Review of the MMP voting system
What is the review about?
The purpose of the review is to recommend changes to the way MMP works, and will give everybody the chance to have their say on improvements that might be made to the MMP voting system.
The review was triggered as a result of the 26 November 2011 referendum on the voting system, held in conjunction with the General Election.
What was the result of the referendum?
There were two questions asked in the referendum. The first question asked voters if they wanted to keep MMP as the voting system we use or change to a different system. The second question asked voters to choose between four alternative voting systems if there was a change.
Because 57.77 % of voters opted to keep MMP, an independent review must now be set up to ask people about possible changes to MMP.
How did it come about?
The review forms part of a package of electoral reforms initiated in 2010 which included new electoral finance laws and a review of New Zealand’s constitutional arrangements. More information about these initiatives is available at the Ministry of Justice website.
In December 2010 the Electoral Referendum Act 2010 was passed which set out the details of the referendum on the voting system. The referendum was held at the same time as the 2011 General Election.

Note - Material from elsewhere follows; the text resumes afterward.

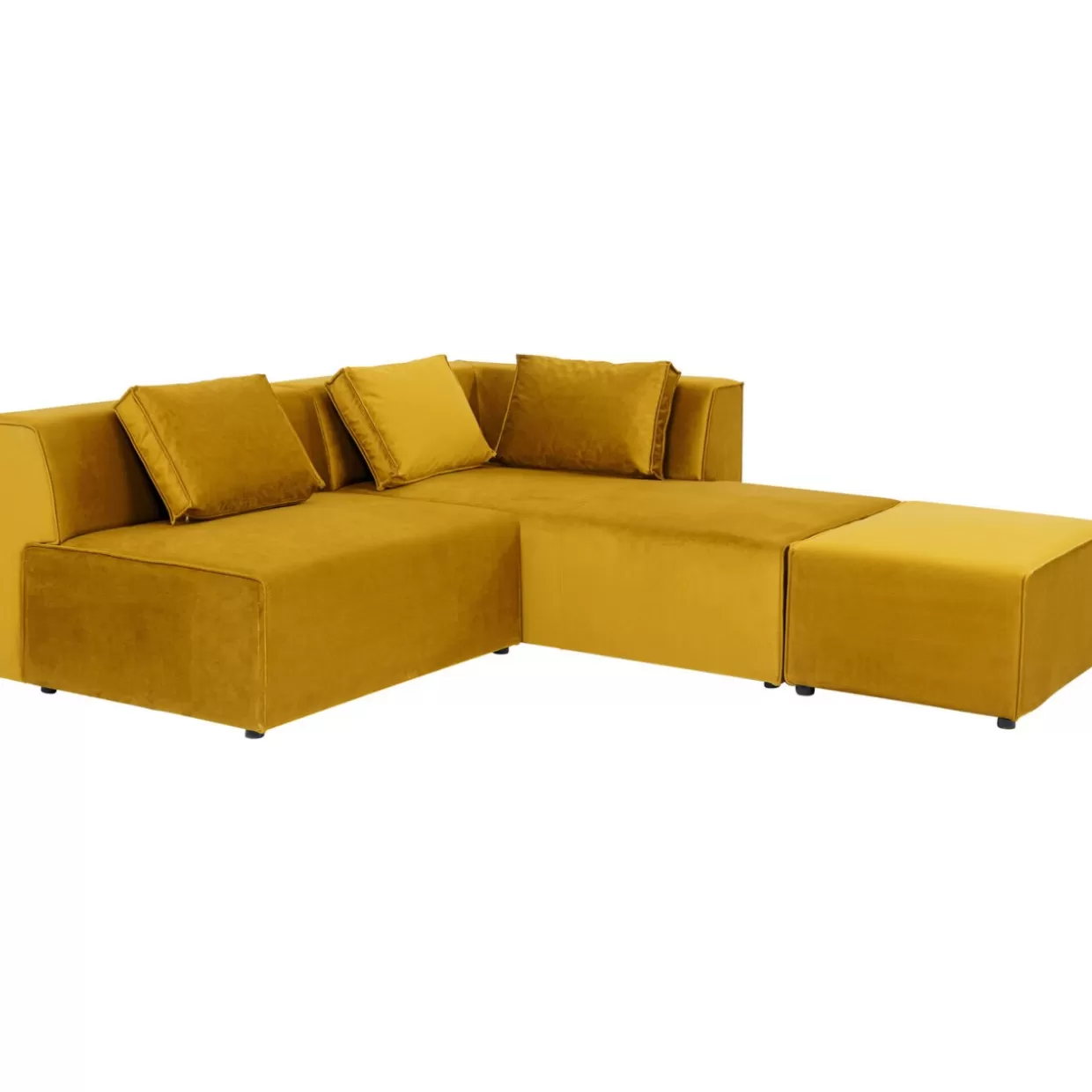 Divano Angolare Modulabile KARE con Pouf Infinity - Design Avanguardistico in Tonalità Ambra, Configurabile Lato Destro con Rivestimento in Tessuto Pregiato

Why was the referendum held at the same time as the 2011 General Election?
The referendum was an opportunity for New Zealanders to have their say on the voting system we use to elect our Parliaments in the future. Because it is an important constitutional issue, it was vital that as many voters as possible had their say. Holding the referendum at the same time as the General Election made it easy for voters to take part.
Who is doing the review of MMP?
The Electoral Commission (the Commission) is undertaking the review. It is an independent body.
What is being reviewed?
The Electoral Referendum Act 2010 sets out the issues the Commission must consider. These are—
- What thresholds parties should have to cross to qualify for an allocation of list seats in Parliament,
- Whether list MPs should be able to stand as candidates in a by-election,
- Whether a person should be able to stand as a candidate both for an electorate seat and on a party list,
- Whether voters or political parties should decide the order of candidates on a party list,
- What should happen when a party wins more electorate seats than it would be entitled to under its share of the party vote,
- The effects of population growth on the ratio of electorate seats to list seats, and
Parliament has excluded Māori representation and the number of Members of Parliament from the review.
The Minister of Justice or Parliament can direct the Commission to review other matters and the Commission itself has the power to include other aspects of the MMP voting system, including matters raised with it by the public.
What is not included in the review?
The Electoral Referendum Act 2010 does not allow the Commission to review the number of MPs we have, or Māori representation.
These issues are included in the review of New Zealand’s constitutional arrangements. Information about this review is available at the Ministry of Justice website.
Who decided what to review?
All the details about the review can be found in the Electoral Referendum Act 2010
Section 75 of the Electoral Referendum Act 2010—
(1) The Electoral Commission must commence a review of the mixed member proportional representation voting system for the House of Representatives as soon as practicable after the result of the referendum is declared under section 20.
(2) The purpose of the review is to—
(a) determine through a public consultative process whether changes to MMP are necessary or desirable; and
(b) make any recommendations for changes to the system to the Minister of Justice.
What is the timeline for the review?
The Commission must present a report to the Minister of Justice by 31 October 2012 with recommendations on whether any changes to MMP are necessary or desirable. As soon as practicable after receiving the report, the Minister must present a copy of it to Parliament.
What is the process for the review?
The public submission process begins on 13 February, with the launch of the dedicated website and consultation paper. Public submissions are open until the end of May, and can be made online, by email, by post and in person at public hearings.
Once all submissions are received, the Commission will develop a set of proposals, based on the information and views presented in submissions and from the public hearings. These will be released as a Proposal Paper in August, and the public will again be invited to comment.
A final recommendation paper will be presented to the Minister of Justice by 31 October.
How can the public get involved?
Any member of the public, either individually or representing a group or organisation, is invited to make a submission to the Commission. There are several ways to do this. Submissions can be made online, emailed, or on paper and can then be presented in person at public hearings. The public will also be invited to comment on the Proposal paper released in August.
What happens after the Commission’s report is presented?
It will be for Parliament to decide what to do with the Commission’s recommendations.